Source material.
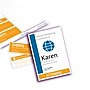 Avery Vertical Style Laser/Inkjet Name Badge & Ticket Inserts, 6" x 4 1/4", White, 100 Inserts Per Box (8522)~#|#~974E9C4D-7A5D-4C35-8705DC0D49A49332_sc7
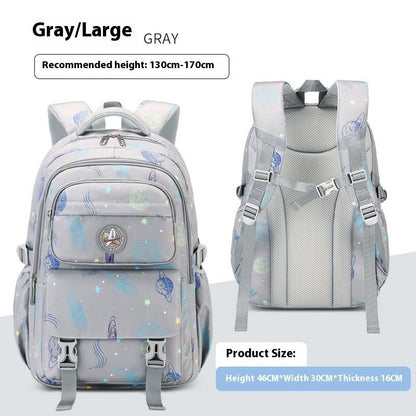 Starry Sky School Backpack – Fun & Durable for Kids - SMARTMARTNZ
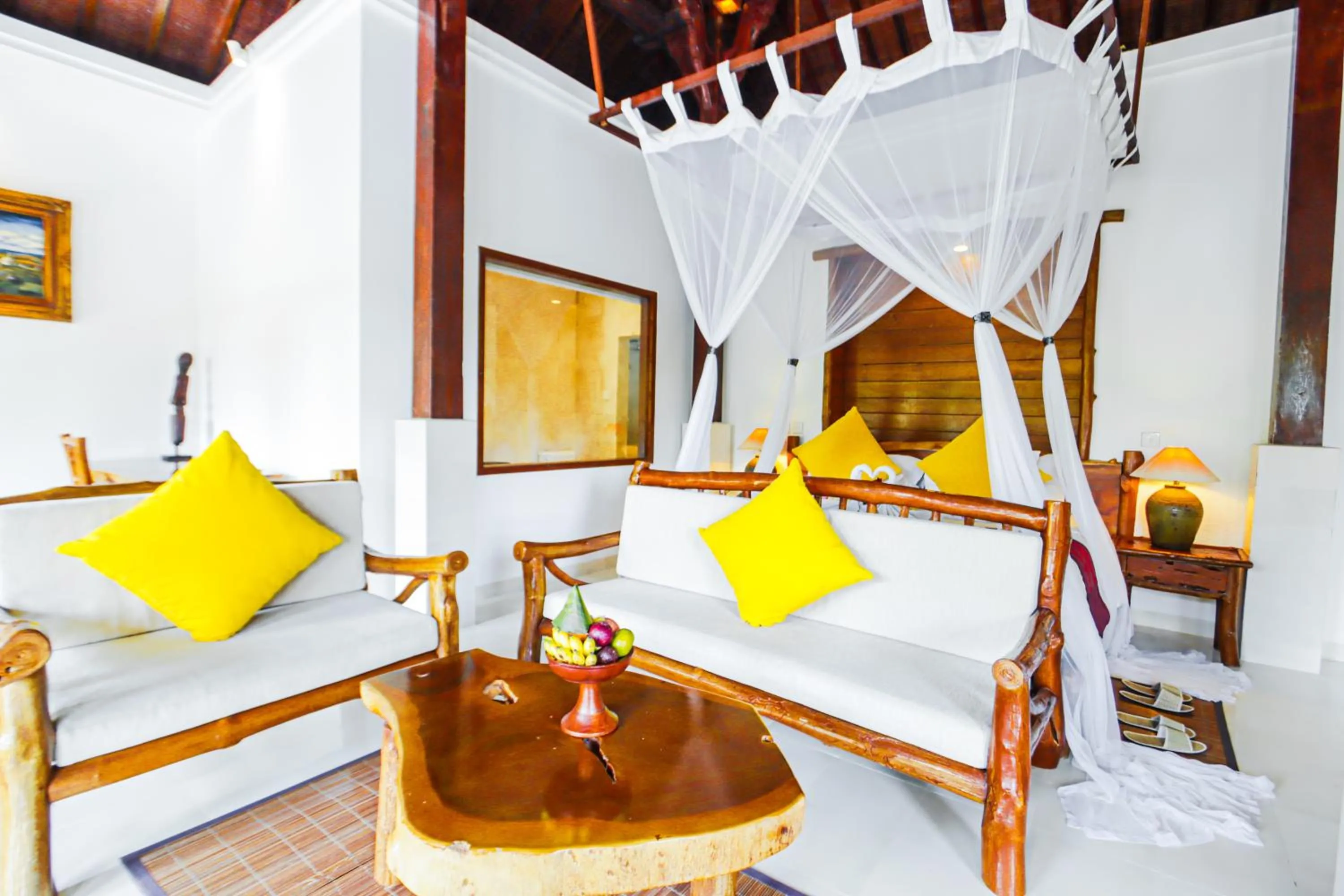 Bedroom, Bed in Alam Ubud Culture Villas And Residences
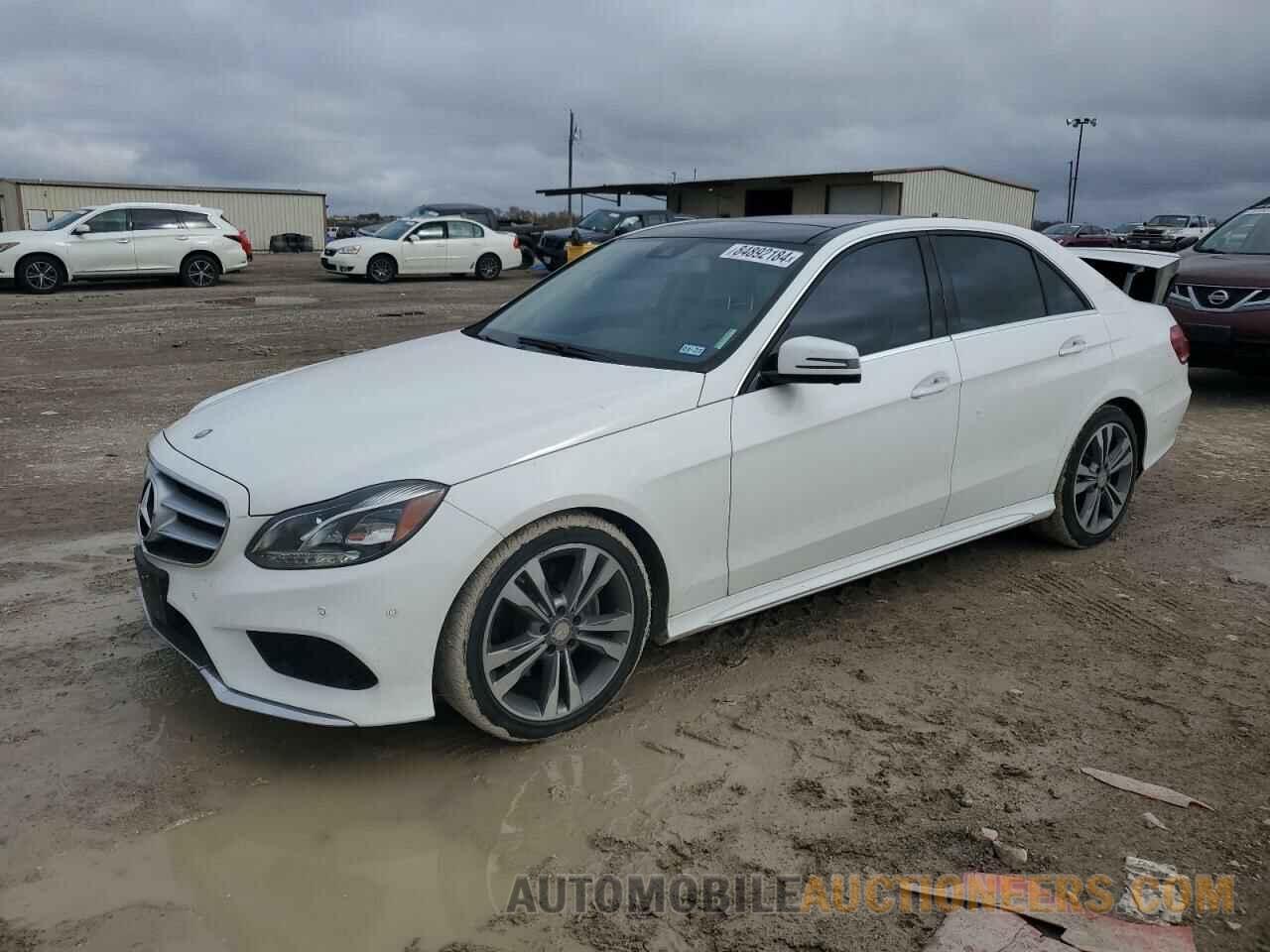 WDDHF5KB7GB235139 MERCEDES-BENZ E-CLASS 2016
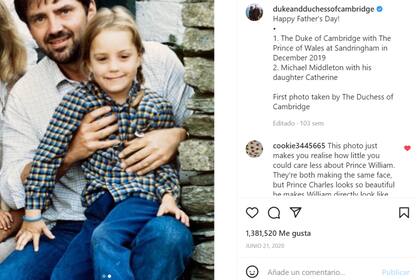 A pesar de ser reconocida por su castaña cabellera, el pelo original de Kate Middleton es rubio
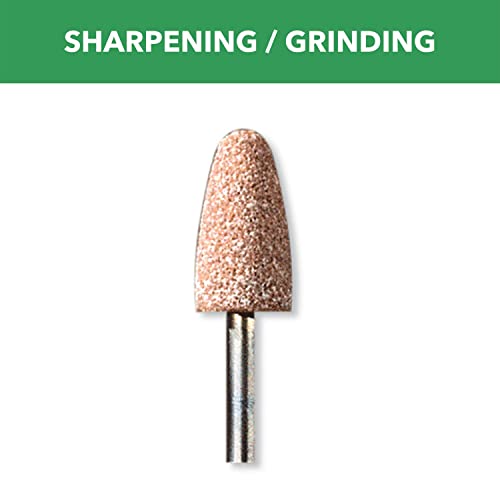 Dremel 952 Aluminum Oxide Grinding Stone - Tapered Head 3/8"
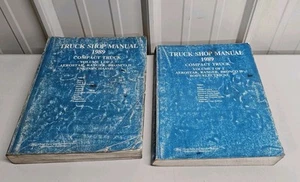OEM 1989 Ford Aerostar Ranger Pickup Bronco II Service Shop Repair Manual SET - Picture 1 of 10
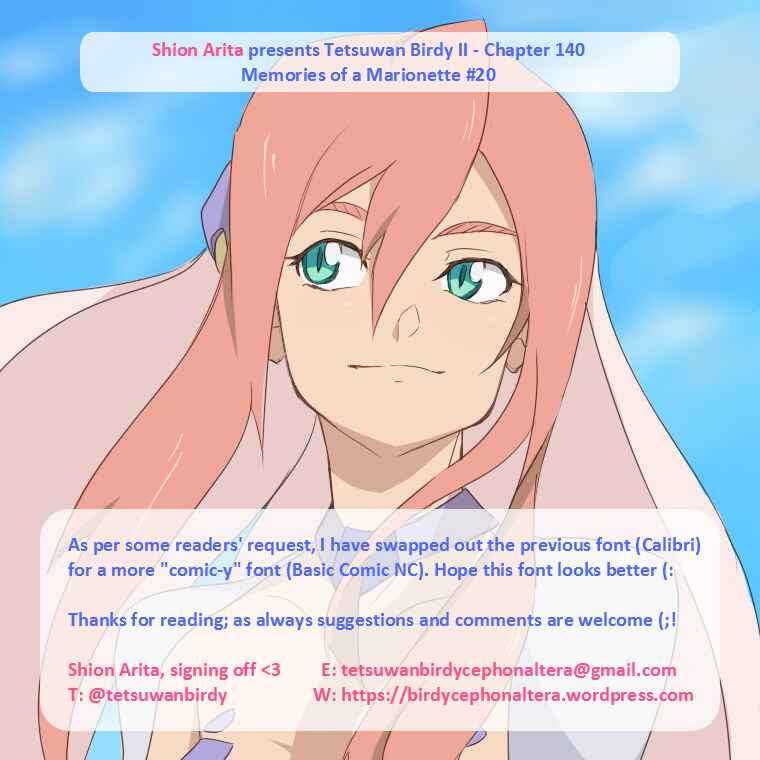 Page 16 Chapter 140 Birdy the Mighty (II)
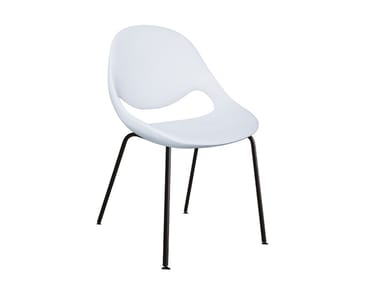 LITTLE MOON SOFT TOUCH - Polyurethane chair by Tonon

Instructions to follow. Every line of the data should be copied as it stands, without the images.

Answer space.
 Avery Vertical Style Laser/Inkjet Name Badge & Ticket Inserts, 6" x 4 1/4", White, 100 Inserts Per Box (8522)~#|#~974E9C4D-7A5D-4C35-8705DC0D49A49332_sc7
 Starry Sky School Backpack – Fun & Durable for Kids - SMARTMARTNZ
 Bedroom, Bed in Alam Ubud Culture Villas And Residences
 WDDHF5KB7GB235139 MERCEDES-BENZ E-CLASS 2016
 A pesar de ser reconocida por su castaña cabellera, el pelo original de Kate Middleton es rubio
 Dremel 952 Aluminum Oxide Grinding Stone - Tapered Head 3/8"
OEM 1989 Ford Aerostar Ranger Pickup Bronco II Service Shop Repair Manual SET - Picture 1 of 10
 Page 16 Chapter 140 Birdy the Mighty (II)
 LITTLE MOON SOFT TOUCH - Polyurethane chair by Tonon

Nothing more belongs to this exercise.